▶ **Task description**
A faithful copy is required. Print each line of the data exactly and omit the pictures.

▶ **Stored data entries**
◆ ◆ ◆

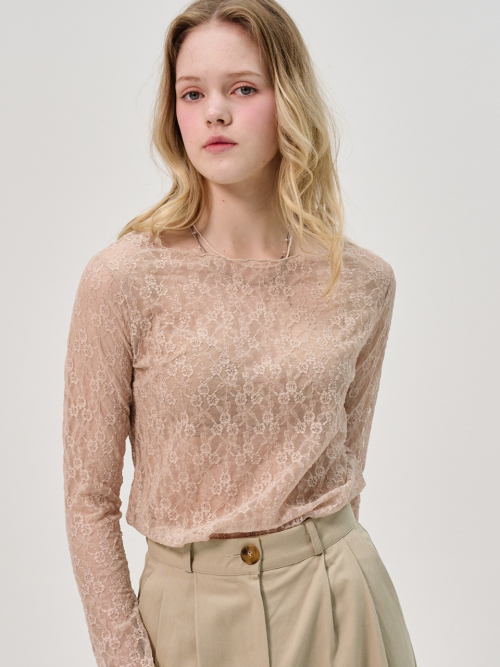 Кружевной прозрачный топ Serena_Beige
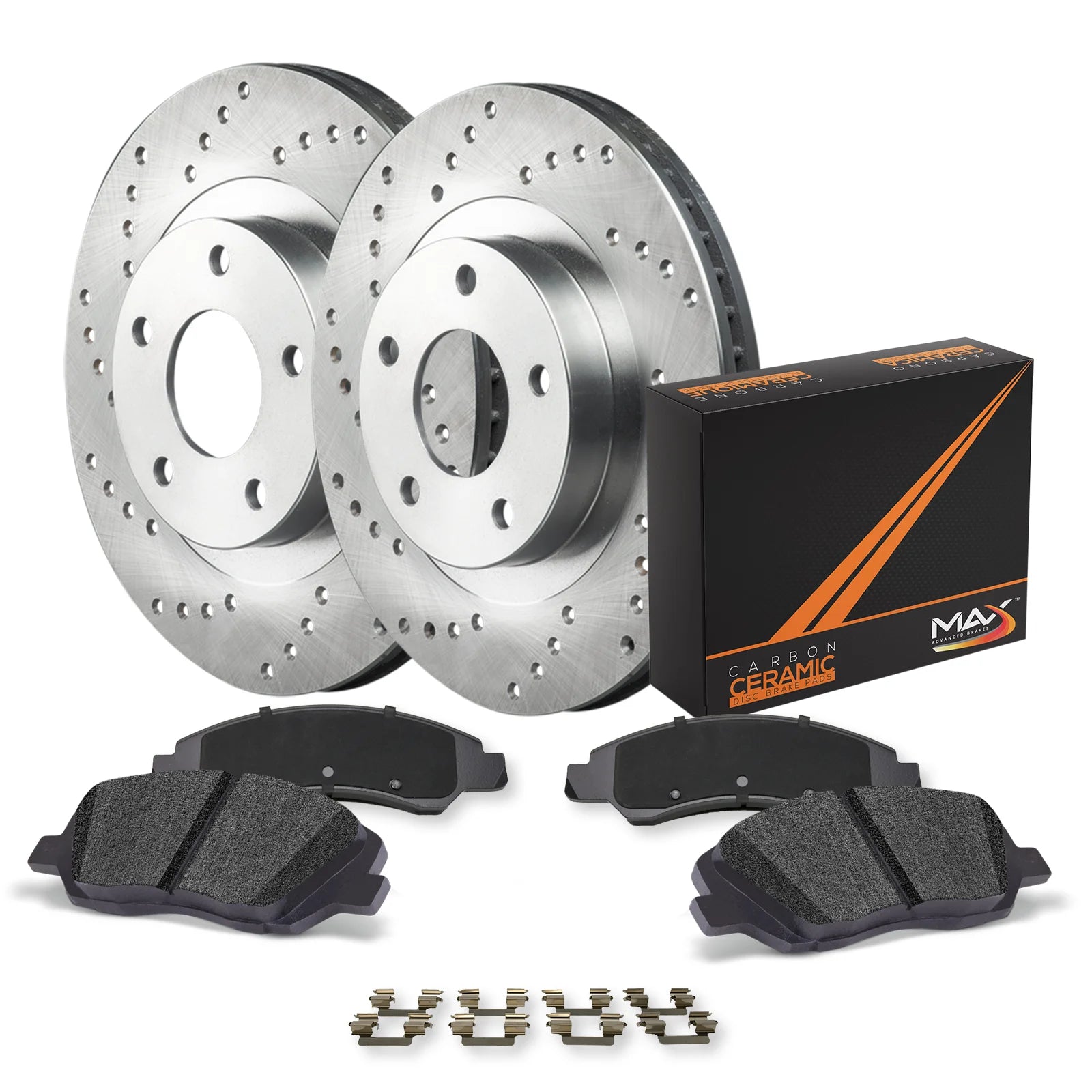 Max Advanced Brakes - Brake Kit for 2017 2018 2019 2020 Honda Civic Si Rear Replacement Cross Drilled Disc Brake Rotors and Ceramic Brake Pads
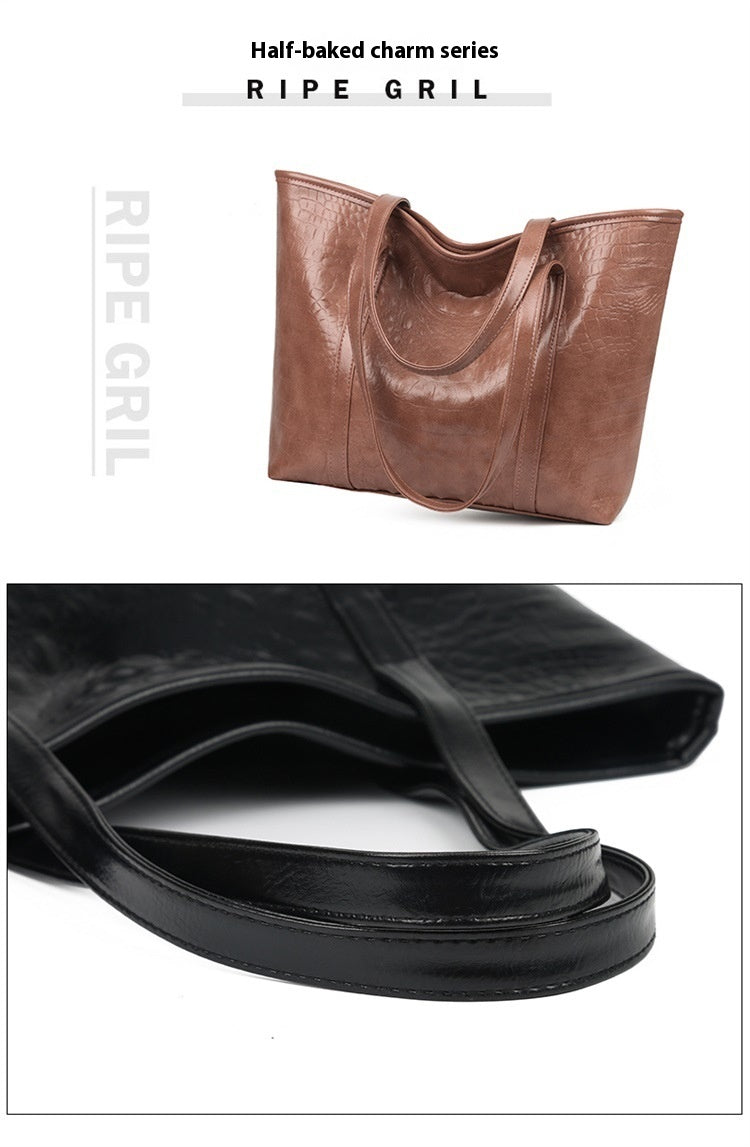 Women's Soft Leather Portable Large Capacity Shoulder Bag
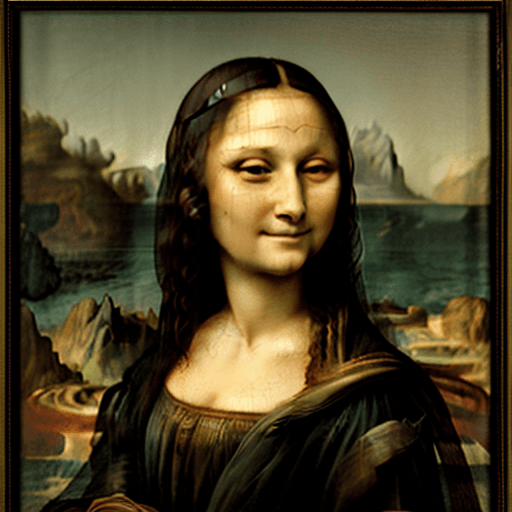 AI generated: mysterious smile of photo model Mona Lisa with delicate, elegant beauty, by Leonardo Da Vinci, in th...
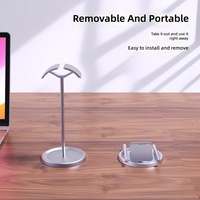 Support universel en alliage d'aluminium et gel de silicone pour casque audio et casques de bureau, avec fonction de rangement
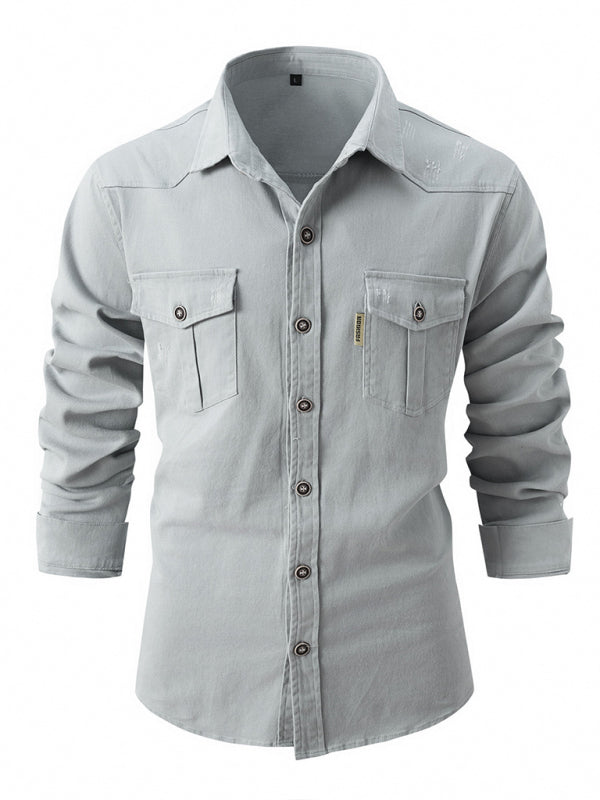 Men's Casual Fashion Business Long Sleeve Shirt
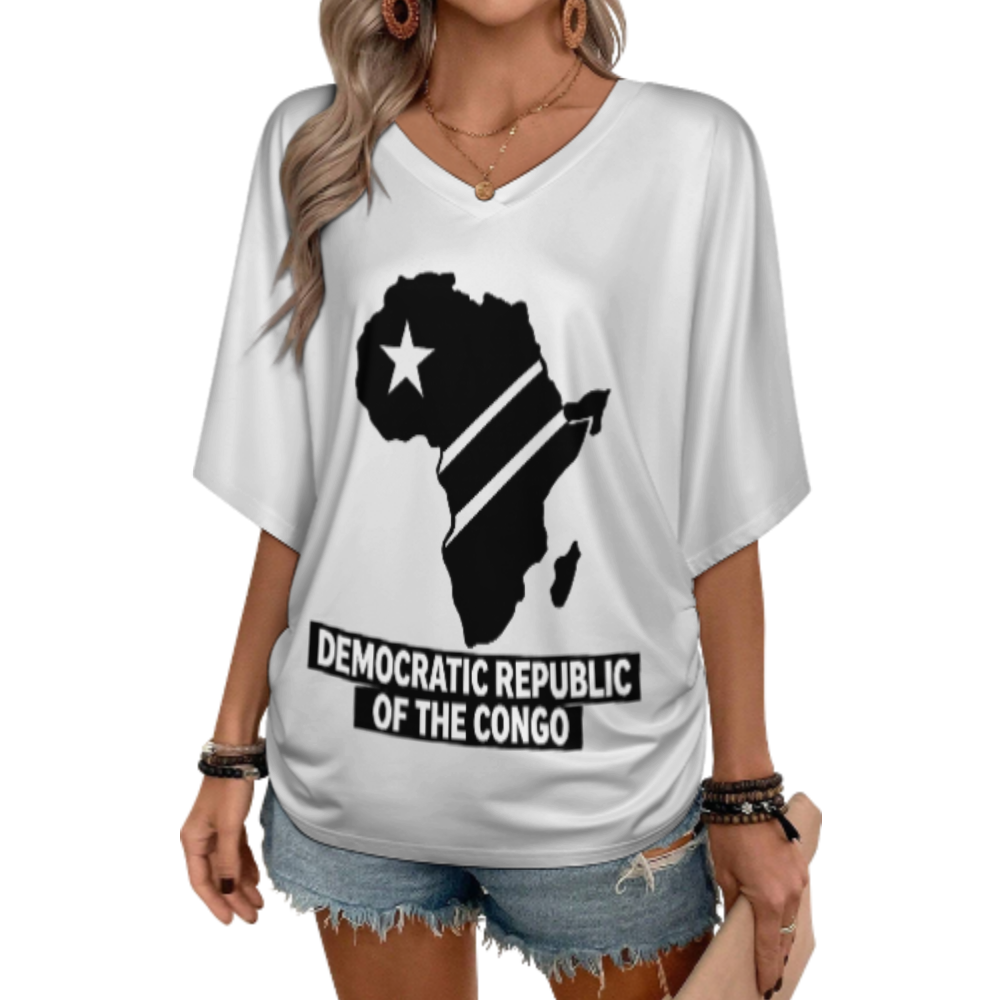 Democratic Republic of the Congo Flag Graphic T-Shirt – Africa Pride Streetwear Tee(z432)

◆ ◆ ◆

▶ **Solution to this task**
 Кружевной прозрачный топ Serena_Beige
 Max Advanced Brakes - Brake Kit for 2017 2018 2019 2020 Honda Civic Si Rear Replacement Cross Drilled Disc Brake Rotors and Ceramic Brake Pads
 Women's Soft Leather Portable Large Capacity Shoulder Bag
 AI generated: mysterious smile of photo model Mona Lisa with delicate, elegant beauty, by Leonardo Da Vinci, in th...
 Support universel en alliage d'aluminium et gel de silicone pour casque audio et casques de bureau, avec fonction de rangement
 Men's Casual Fashion Business Long Sleeve Shirt
 Democratic Republic of the Congo Flag Graphic T-Shirt – Africa Pride Streetwear Tee(z432)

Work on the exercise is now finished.